> **RAW DATA**
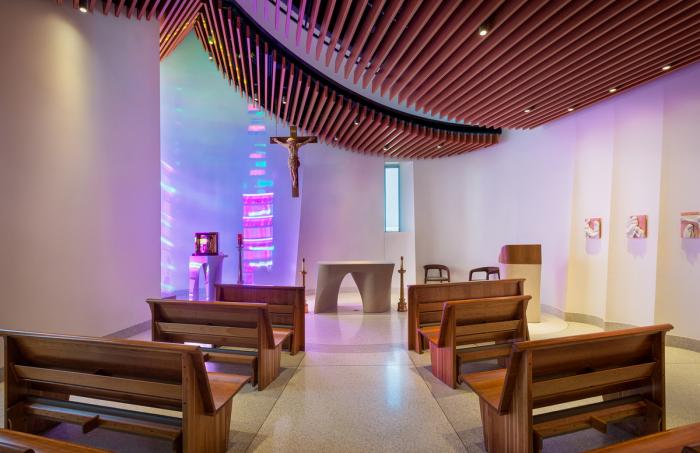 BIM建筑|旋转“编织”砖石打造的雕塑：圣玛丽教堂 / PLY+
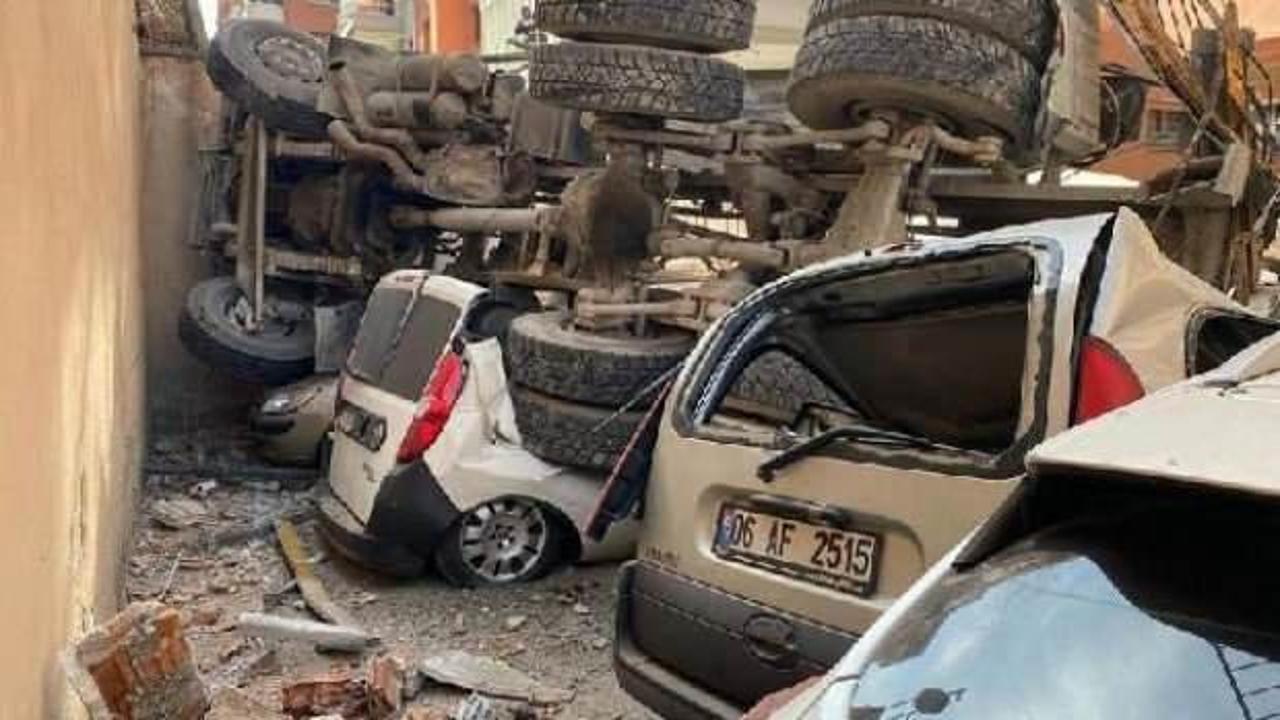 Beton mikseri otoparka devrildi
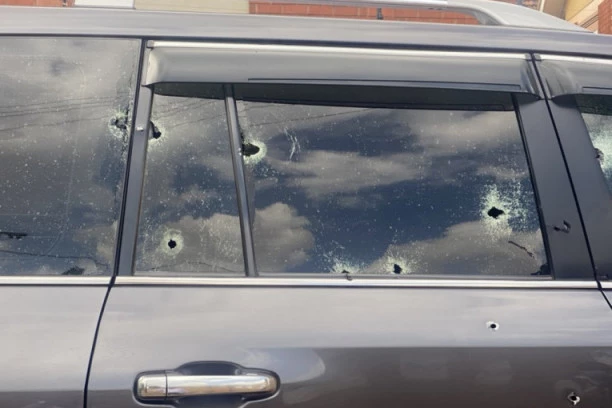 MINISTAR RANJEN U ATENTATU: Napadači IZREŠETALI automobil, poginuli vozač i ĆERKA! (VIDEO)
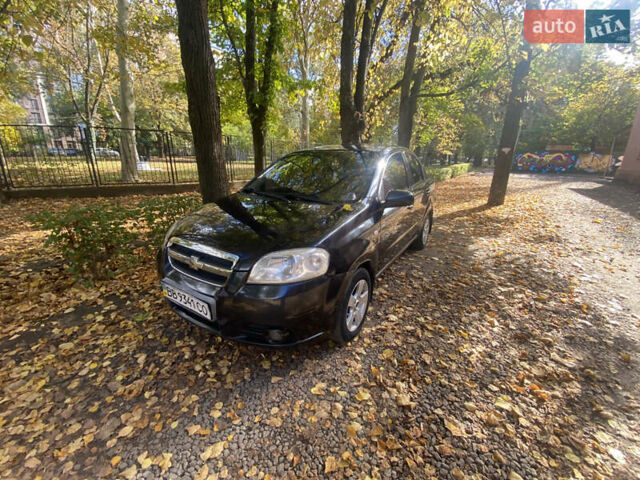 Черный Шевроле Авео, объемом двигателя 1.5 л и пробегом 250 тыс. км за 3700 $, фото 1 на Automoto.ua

> **REQUIREMENT**
Because the copy must hold no pictures, return only the lines that run from the line containing "MINISTAR RANJEN U" to the end of the data above, each exactly as it stands.

> **WORKED SOLUTION**
 MINISTAR RANJEN U ATENTATU: Napadači IZREŠETALI automobil, poginuli vozač i ĆERKA! (VIDEO)
 Черный Шевроле Авео, объемом двигателя 1.5 л и пробегом 250 тыс. км за 3700 $, фото 1 на Automoto.ua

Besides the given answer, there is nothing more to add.